Most importantly if you go to the next slide, Slide 10 is an update of a similar slide we used in the past. It is a sensitivity analysis on the effect of re-chartering. As you can see, even if we assume a 50% or 70% discount on the new charter rates entered into during the year, vessels currently exists, the difference on a revenue basis is going to be between 4% to 6%. We have a 75% charter coverage for 2016.
And moving to the last slide, on the last slide we are discussing the markets. As already mentioned, charter rates and asset values have been under pressure. The number of idle ships has come up to 7.4%. The order book stands at 90%. As we have mentioned in the past, we are well positioned to continue to grow in such an environment which provides more opportunities.
This concludes our presentation and we can now take questions. Thank you. Operator?
Thank you. [Operator Instructions] And our first question today comes from Donald McLee of Wells Fargo.

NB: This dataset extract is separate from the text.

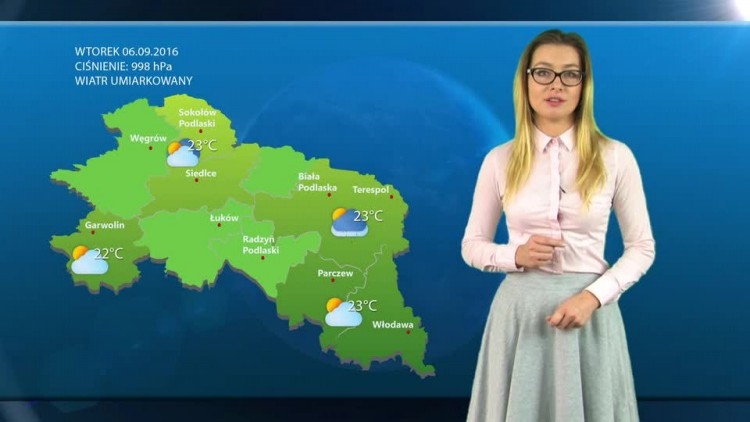 5_wrzesnia_pogoda_emisja.mp4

Please go ahead.
Good morning guys.
Yes, hi, Donald. Good morning.
My first question is around counterparty risk. It’s been a rising headwind with a couple of liners looking to amend charters amid restructuring negotiations. I believe the direct impact at Costamare is a bit limited so far, but could you talk about how you view the health of the group over the past couple of quarters and maybe also talk about the current level of counterparty risk compared to historical levels in 2011 and 2012?
Yes, first of all, let me tell you that I can always stick with our charterers and we have a pie chart in the presentation where you know you can see the full – our major charters, where the cash flow is coming from which are companies like Maersk, Cosco, Hamburg MSC, Evergreen, Hapag-Llyod, Hamburg Sud et cetera.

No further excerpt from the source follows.